Thanks, Florian. Are you not currently expecting the PKPSubmissionNlmXmlFilter.inc.php to return only the citation list? If I understand correctly, we'll have to either make sure anything currently using the PKPSubmissionNlmXmlFilter knows that it may receive more than just the reference list, or we should rename the PKPSubmissionNlmXmlFilter to something more indicative of its purpose.
Hi Alec, no, it's absolutely ok if the filter returns full NLM. That would immediately result in people having access to full NLM output (including references) from the citation assistant. I guess that's much more useful than just getting a citation list. At least that's what I gathered from Juan's feedback and from the initial intent of L8X. I just didn't hope that we'd get that far before the release. :-) The ref-list output was just a compromise.
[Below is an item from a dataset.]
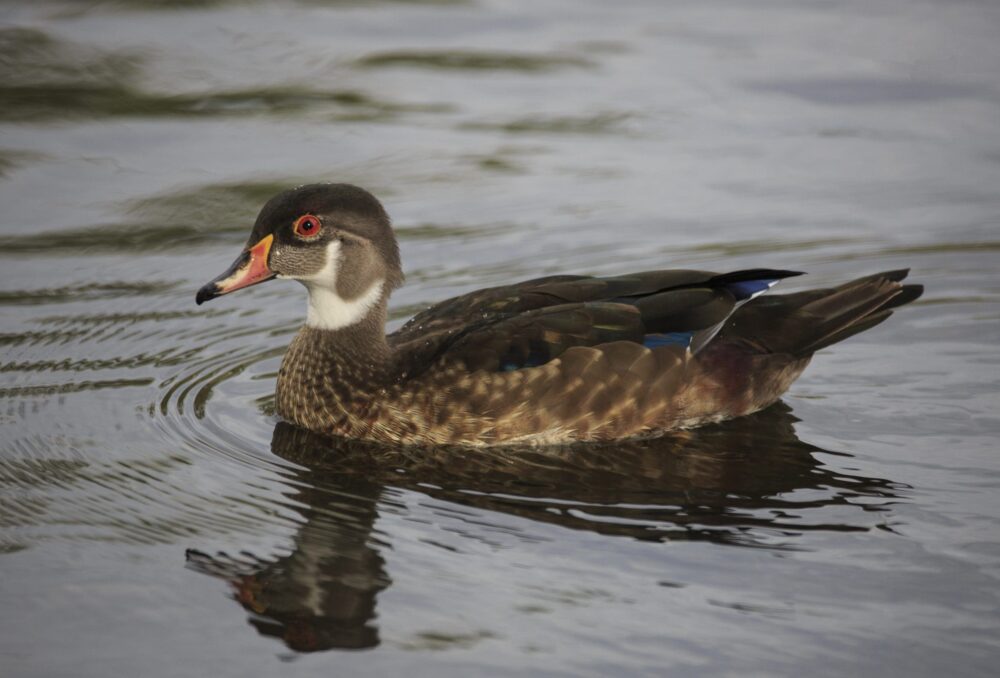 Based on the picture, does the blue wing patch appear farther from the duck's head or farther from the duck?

I don't think there's any general re-use of reference-only output as long as you make sure that you keep the app-specific parts apart in the object model so that we can re-use the re-list part internally (see my mega-comment before). And for the renaming: Of course. I'd be happy if you could think of something more descriptive. I usually name my filters like this: [PKP]<FromType><ToType>Filter (i.e. transforming a Submission to NLM XML). Nlm30 rather than Nlm only would probably not hurt as well as an indication that it's about the full ArticlePublishing element set and not the citation element only.
Deferring the NLM rewrite until later. References should be getting served up (will test).